Eight children and 14 adults died when storms swept through the Oklahoma City area on Friday, generating an EF5 tornado and violent flash floods. The tornado was the widest one ever recorded -- 2.6 miles long.

Oklahoma emergency officials have said many of those who died in Oklahoma City were drowning victims who were swept away while taking shelter from the tornado in storm drainage ditches.

A tornado in El Reno was the second EF5 rated tornado in Oklahoma in a matter of a few weeks. The devastating Moore, Okla. on May 20, 2013 also received this top rating on the Enhanced Fujita Scale.

Among those killed were storm chaser Tim Samaras, his son Paul, and their colleague Carl Young. The three men were killed in the twister that struck El Reno during Friday's rush hour.

(MORE: Tornado Kills Storm Researchers)

Late Monday, local newspaper The Oklahoman reported the death of a fourth man actively pursuing the same storm.

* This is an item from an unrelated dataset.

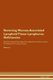 Reversing Mucosa-Associated Lymphoid Tissue Lymphoma - Deficiencies The Raw Vegan Plant-Based Detoxification & Regeneration...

Richard Charles Henderson, 35, sent a photo to his friend George Slay just minutes before the tornado killed him. The newspaper described Henderson, a resident of nearby Hinton, Okla., as an "amateur storm chaser."

Strong storms, including tornadoes, also ripped through the St. Louis region on May 31. The storm caused extensive damage to two aircraft hangars, three outbuildings and a parking lot. Repair costs have not been determined.

On April 22, 2011, a strong tornado hit Lambert, significantly damaging a terminal and knocking out dozens of windows. Total damage was $25 million.